## Listed records
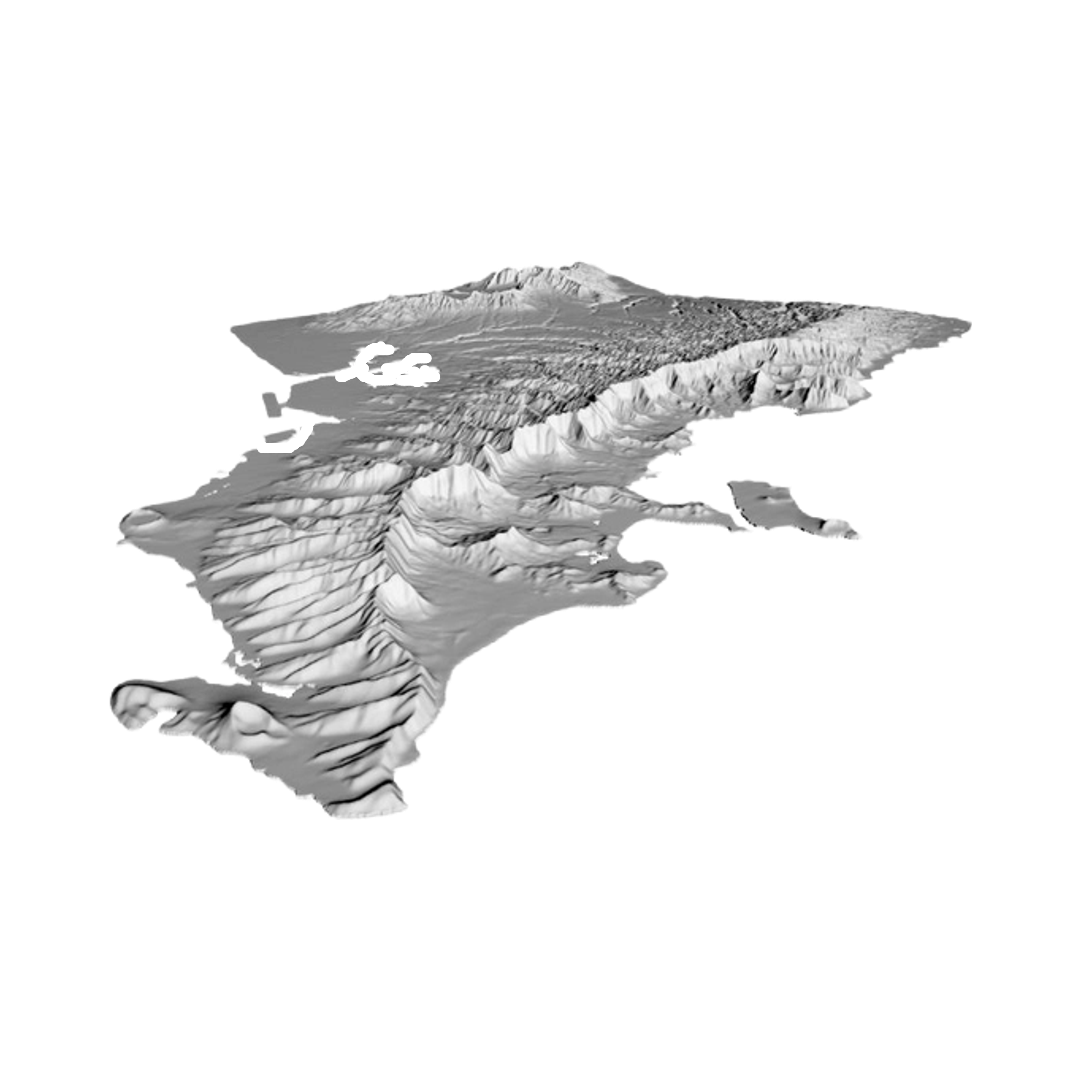 Oahu Hawaii 3D STL file included with instant download
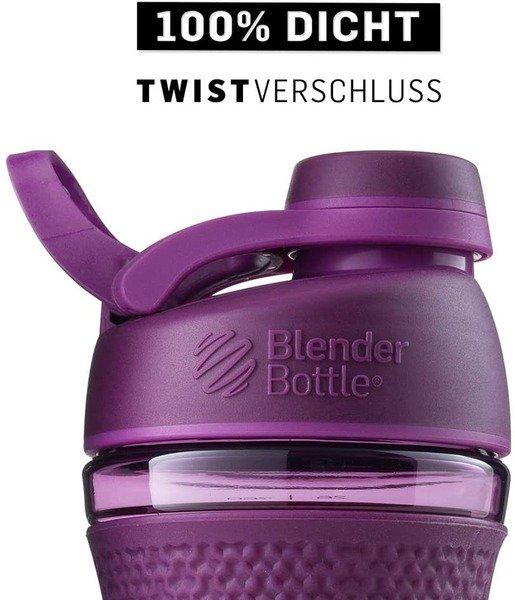 Blender Bottle  28oz / 820ml BlenderBottle SportMixer Twist, Plum 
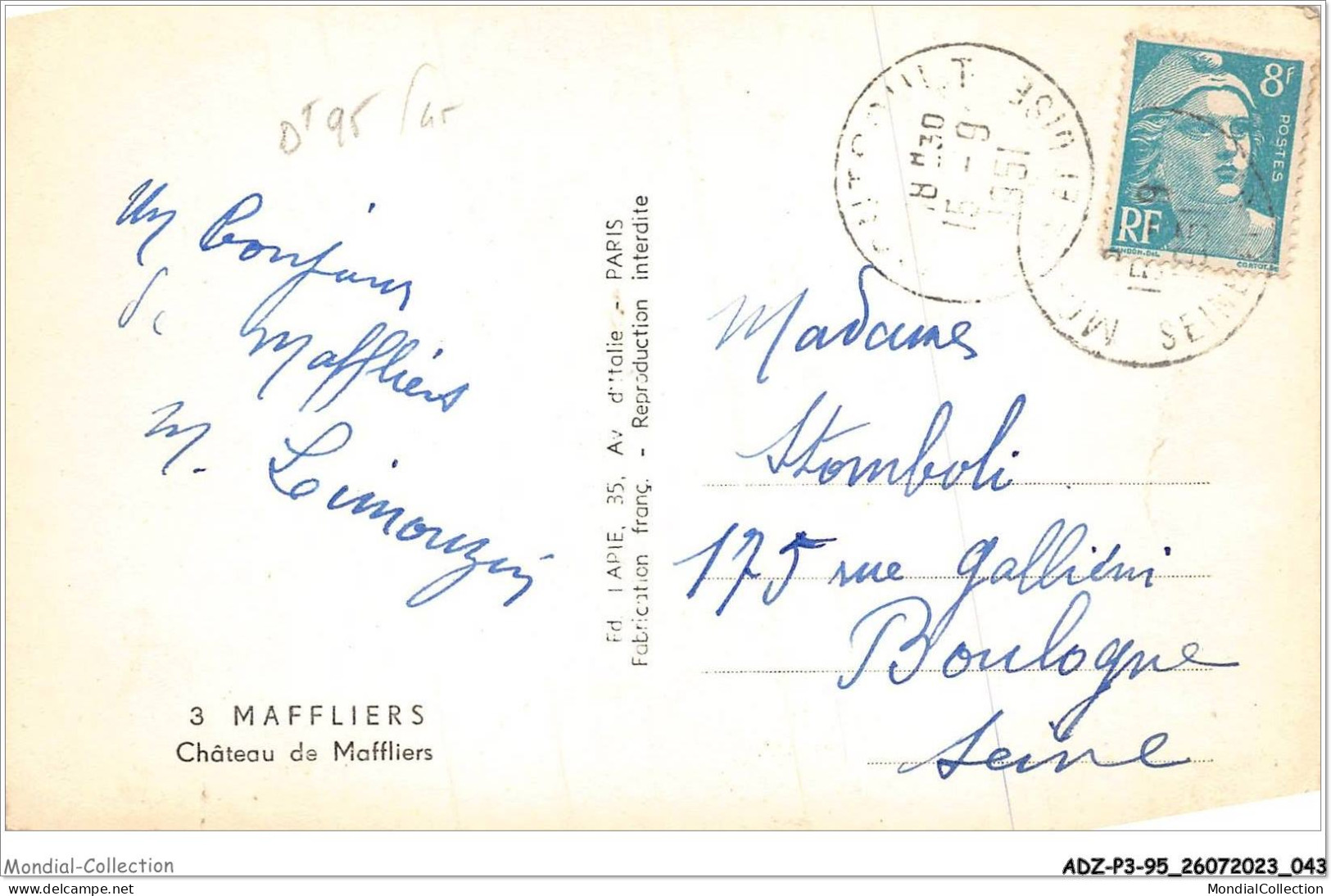 ADZP3-95-0202 - MAFFLIERS - Château De Maffliers - Maffliers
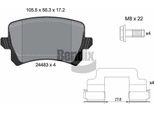 Bendix Braking BPD1580 Set Pastiglie Freno, Freno A Disco Oe 3C0698451C Compatibile Con Cc, Passat 3C, Passat 3B, Passat Cc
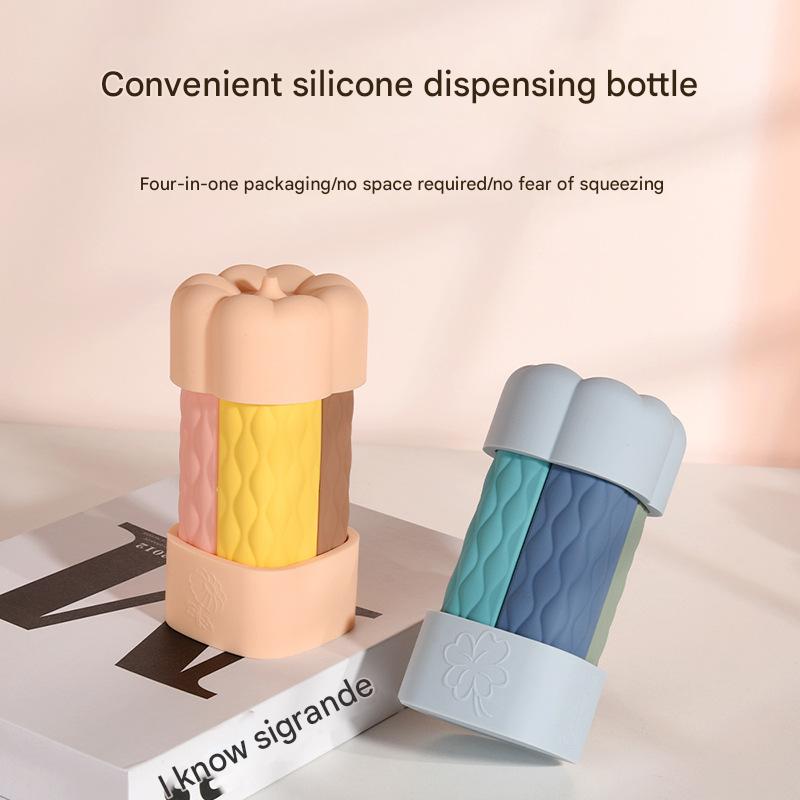 Light pink suit Silicone Travel Bottles Set (4 Pack, 60ml) - Leakproof Refillable & Squeezable
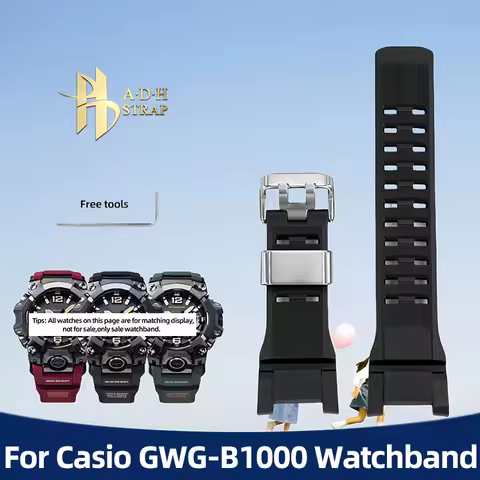 For Casio G-shock Series GWG-B1000 Sports Resin Silicone Watch Strap Mudmaster 3rd Generation gwg-b1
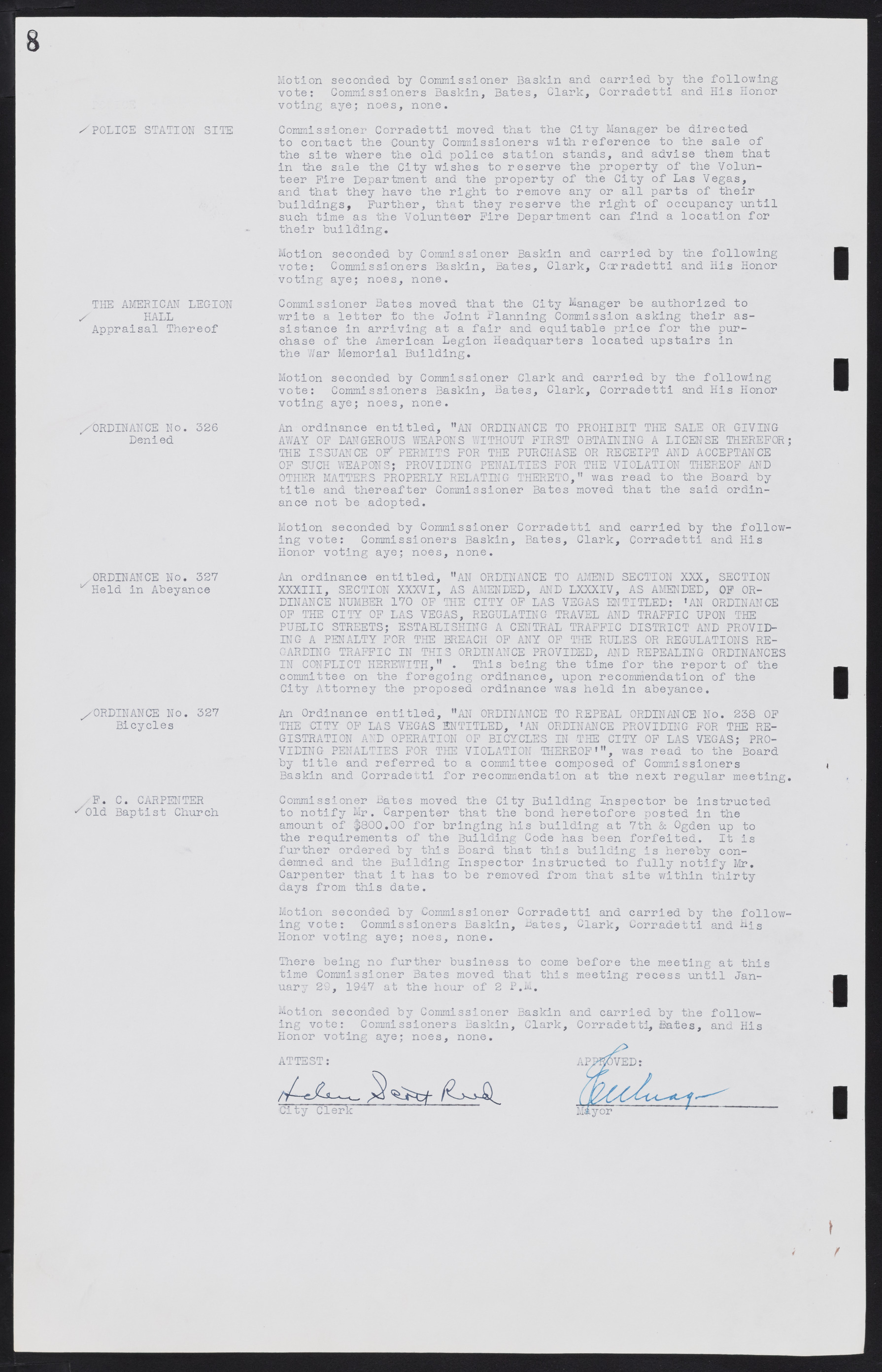 Las Vegas City Commission Minutes, January 7, 1947 to October 26, 1949, lvc000006-16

## What the exercise asks
If an entry contains an image, print the rest of that entry exactly and leave the image out.

## Output
 Oahu Hawaii 3D STL file included with instant download
 Blender Bottle  28oz / 820ml BlenderBottle SportMixer Twist, Plum 
 ADZP3-95-0202 - MAFFLIERS - Château De Maffliers - Maffliers
 Bendix Braking BPD1580 Set Pastiglie Freno, Freno A Disco Oe 3C0698451C Compatibile Con Cc, Passat 3C, Passat 3B, Passat Cc
 Light pink suit Silicone Travel Bottles Set (4 Pack, 60ml) - Leakproof Refillable & Squeezable
 For Casio G-shock Series GWG-B1000 Sports Resin Silicone Watch Strap Mudmaster 3rd Generation gwg-b1
 Las Vegas City Commission Minutes, January 7, 1947 to October 26, 1949, lvc000006-16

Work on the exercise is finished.